Start at the line with "3pcs Bottle Opener" and print every line through the end of the material below. Keep it exact and free of pictures.

Segment Open

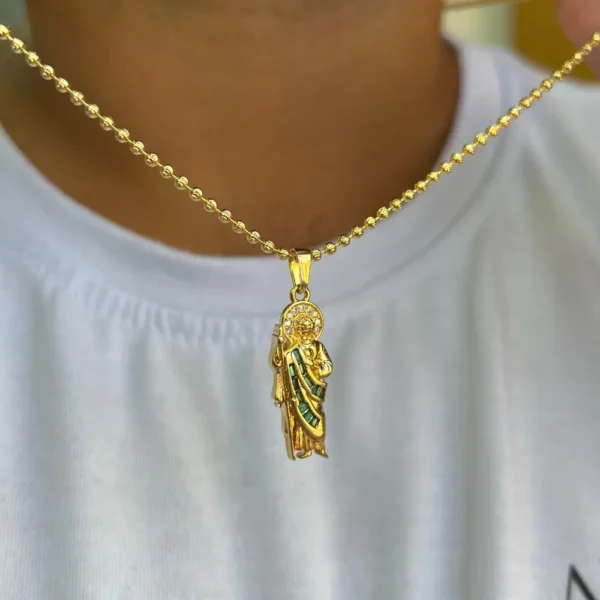 Dije San Judas Tadeo en Oro Laminado 18K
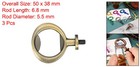 3pcs Bottle Opener 50mm Zinc Alloy Screw Beer Opener Glazed Bronze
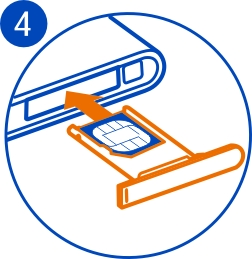 Käytön aloitus 9 4 Työnnä SIM-kortin pidike takaisin puhelimeen ja liu'uta pidikettä oikealle. 5 Sulje mikro-usb-portin suojakansi. Poista SIM-kortti 1 Katkaise puhelimesta virta.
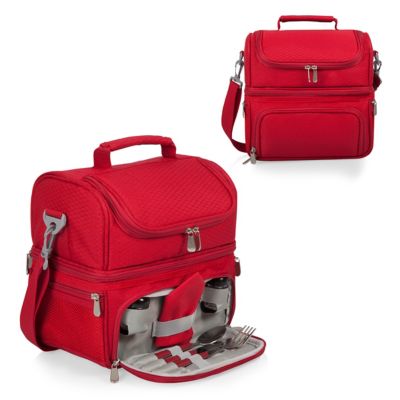 Image showing 6 th Oniva 8-Can Pranzo Personal Insulated Lunch Cooler Bag, 11 in. x 7.5 in. x 12 in.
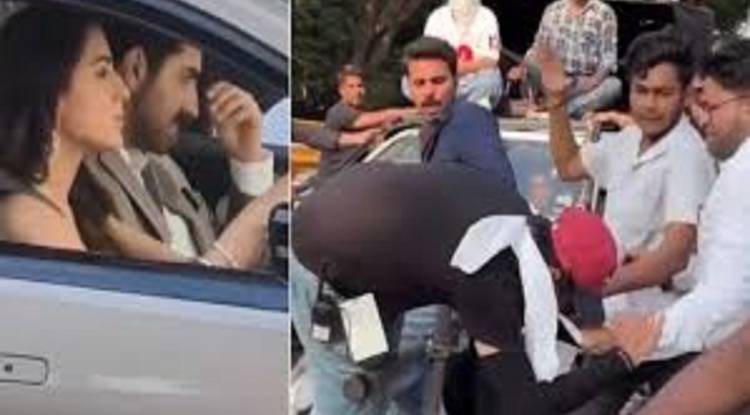 प्रयागराज में आयुष्मान-सारा की फिल्म की शूटिंग में बवाल, क्रू मेंबर से मारपीट का वीडियो वायरल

Segment Closed

Response to this exercise ▸
 3pcs Bottle Opener 50mm Zinc Alloy Screw Beer Opener Glazed Bronze
 Käytön aloitus 9 4 Työnnä SIM-kortin pidike takaisin puhelimeen ja liu'uta pidikettä oikealle. 5 Sulje mikro-usb-portin suojakansi. Poista SIM-kortti 1 Katkaise puhelimesta virta.
 Image showing 6 th Oniva 8-Can Pranzo Personal Insulated Lunch Cooler Bag, 11 in. x 7.5 in. x 12 in.
 प्रयागराज में आयुष्मान-सारा की फिल्म की शूटिंग में बवाल, क्रू मेंबर से मारपीट का वीडियो वायरल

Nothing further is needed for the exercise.